报告人简介：陈绍示, 现为中国科学院数学与系统科学研究院研究员。主要研究符号计算、机器证明与组合理论。在数学期刊Foundations of Computational Mathematics, Algebra and Number Theory, Math. Zeit., Selecta Mathematica等发表论文40余篇。目前担任中国数学会计算机数学专业委员会主任与国际符号与代数计算年会(ISSAC)指导委员会委员。曾获得第二届“吴文俊计算机数学青年学者奖”(2019)，第46届国际符号与代数计算年会(ISSAC2021)“杰出论文奖”，与国际计算机代数应用大会(ACA2022)“青年学者奖”。

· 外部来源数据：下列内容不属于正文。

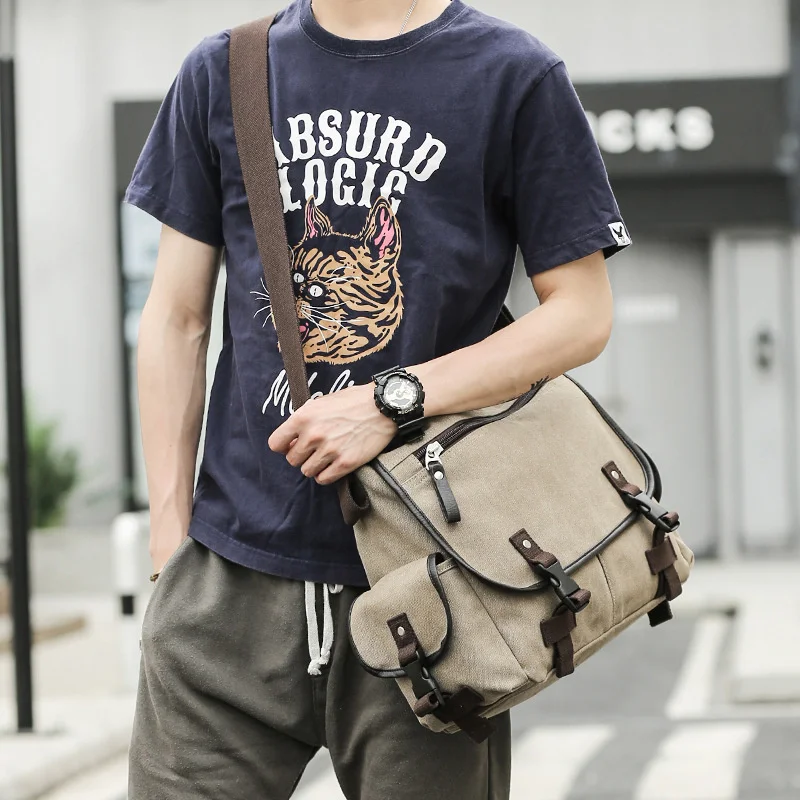 Vintage Casual Canvas One Shoulder Bag Postman Fashion Student Men\'s Crossbody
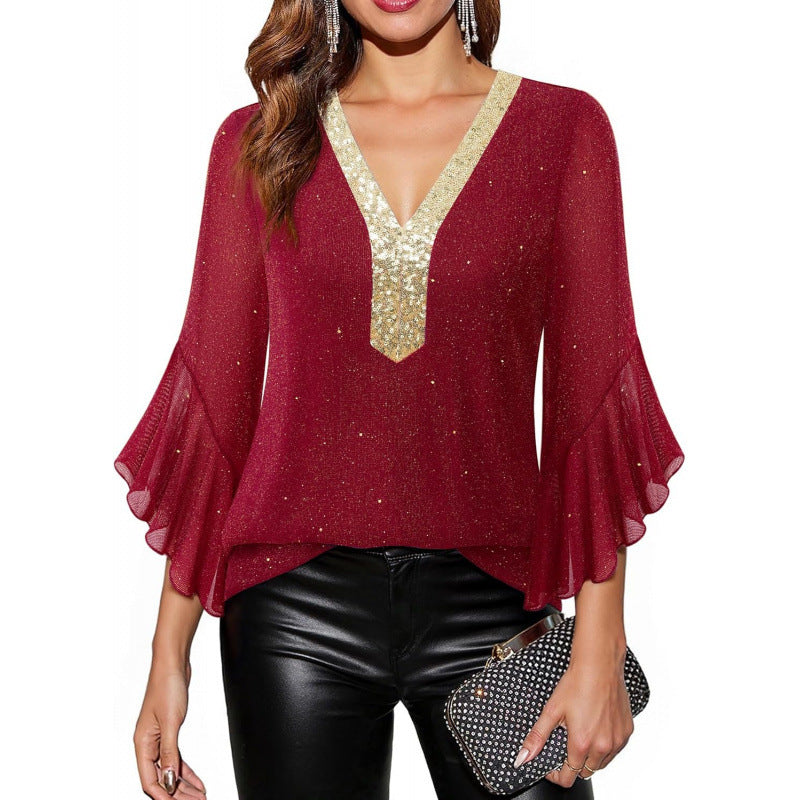 Amazon fashioneleganteleganceflowershirt women's  summer new ruffles sleeve v necktops
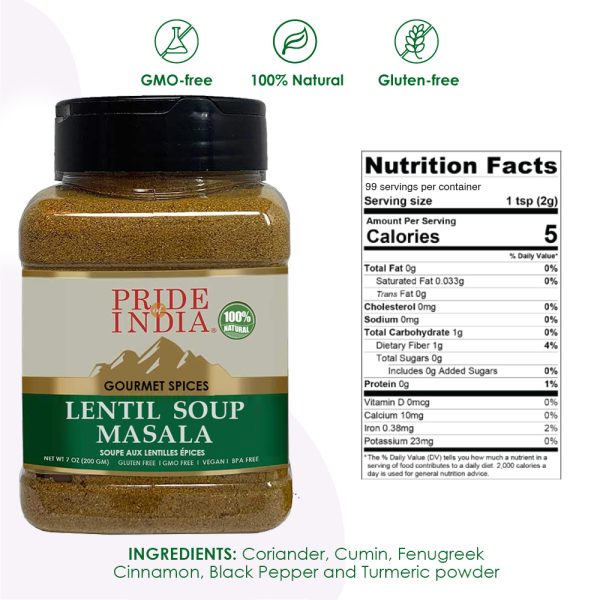 Pride of India - Lentil Soup Masala – Authentic Indian Taste – Spice Blend for Lentil Soups and Stews – Flavorful Mix – Easy to Use – 8 oz. Medium Dual Sifter Bottle- Ideal for Vegans & Vegetarians - Image 3
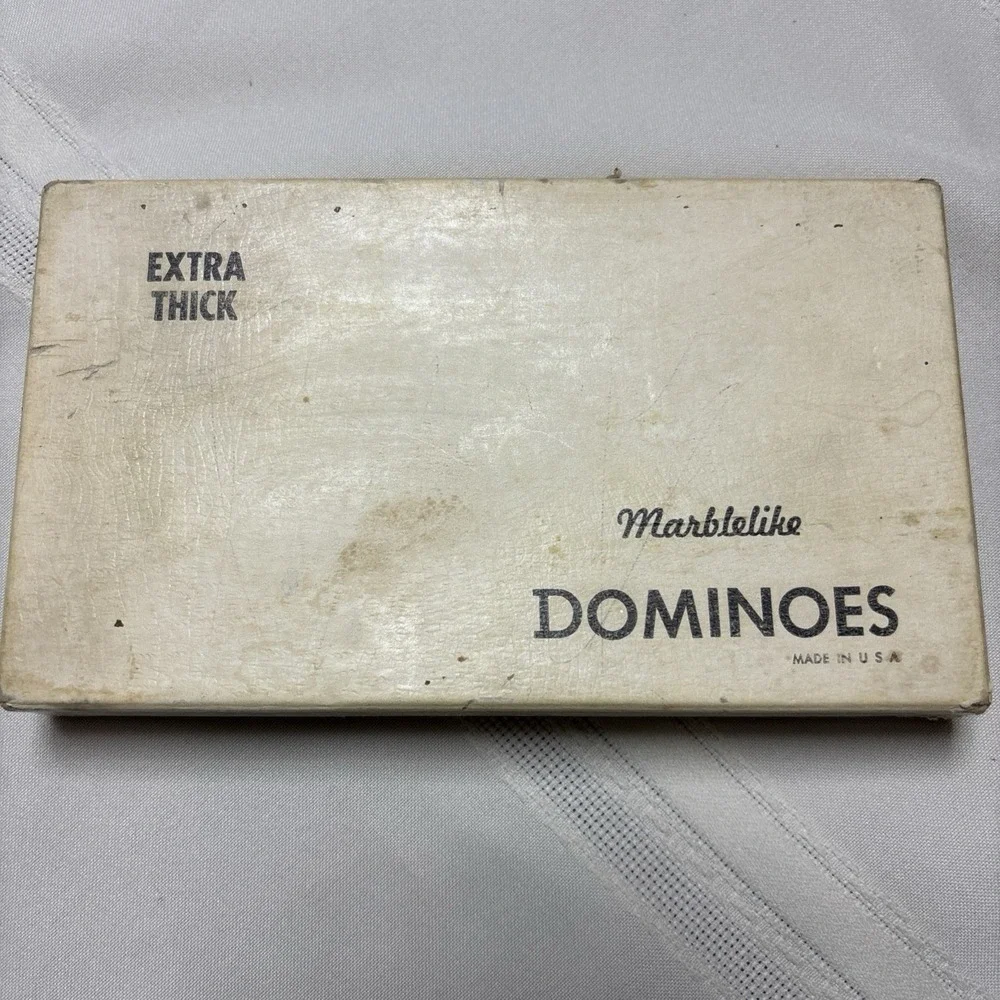 Puremco Marblelike Vintage Dominoes #716 Ivory Extra Thick Dominoes Complete Set
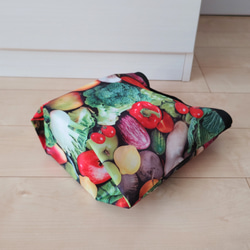 畳める・エコバッグ３０×３０×10cm（野菜写真デジタルプリント生地・ポリエステル）25mm幅の持手・ビタミンカラー 15枚目の画像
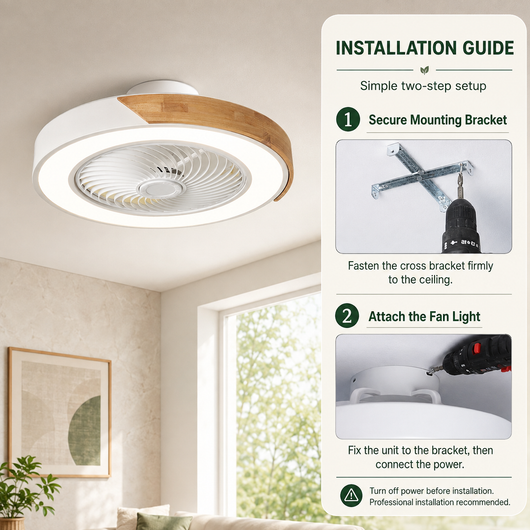 Wood Accent Flush Mount Ceiling Fan
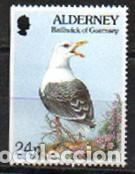 Sellos: Alderney (Gran Breta&ntilde;a) Ivert n&ordm; 77 a, Gavi&oacute;n atl&aacute;ntico y azafr&aacute;n, nuevo *** no dentado un lado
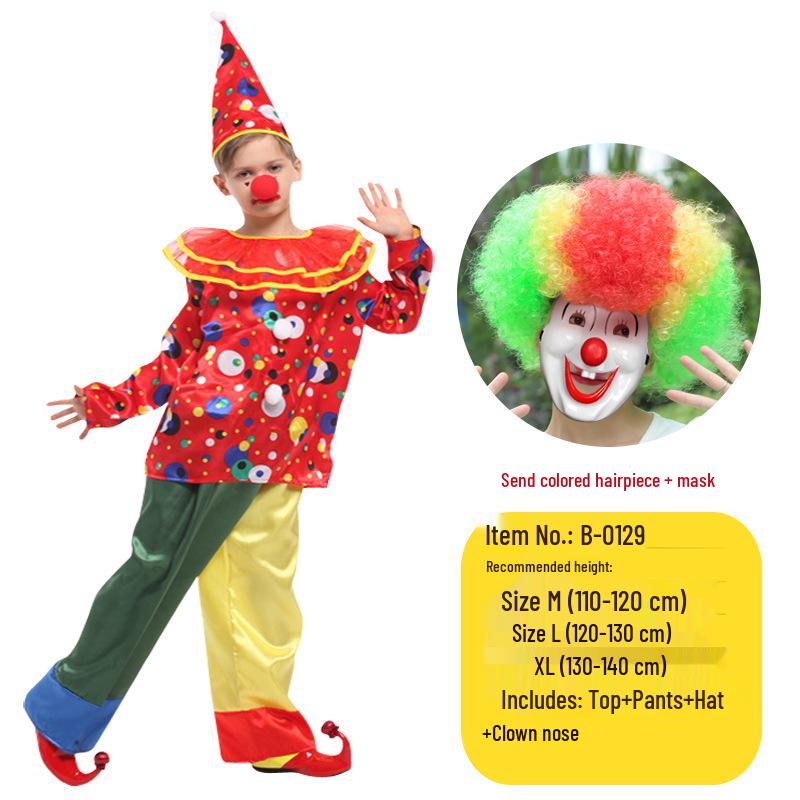 Kids' Clown & Magician Costume Set for Boys & Girls - Perfect for Masquerades, National Day, Christmas & New Year Performances.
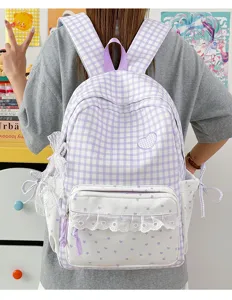 Detail view of the sweet purple plaid backpack featuring lace ruffles and cute star patterns.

报告题目2：An  identity relating Catalan numbers to tangent numbers with arithmetic applications

报告人：林志聪教授，山东大学

报告时间：2025年8月23日（周六）15:00-17:00

报告地点：20-200

报告摘要：We prove a combinatorial  identity relating Catalan numbers to tangent numbers arising from the study of peak algebra that was conjectured by Aliniaeifard and Li. This identity leads to the discovery of the intriguing identity $\sum_{k=0}^{n-1}{2n\choose2k+1}2^{2n-2k}(-1)^{k}E_{2k+1}=2^{2n+1},$ where $E_{2k+1}$ denote the tangent numbers. Interestingly, the latter identity can be applied to prove that $(n + 1)E_{2n+1}$ is divisible by $2^{2n}$ and the quotient is an odd number, a fact whose traditional proofs require significant calculations. Moreover, we find a natural $q$-analog of the latter identity with a combinatorial proof. This $q$-identity can be applied to prove Foata's divisibility property  of the  $q$-tangent numbers, which responds  to a problem raised by Sch\utzenberger.

报告人简介：林志聪，山东大学数学与交叉科学研究中心教授，国家青年高层次人才。主要从事计数组合学的研究，在《J. Combin. Theory Ser. A》、《Combinatorica》等权威期刊发表SCI学术论文40余篇。任中国数学会计算机数学专业委员会委员和中国运筹学会图论组合分会青年理事。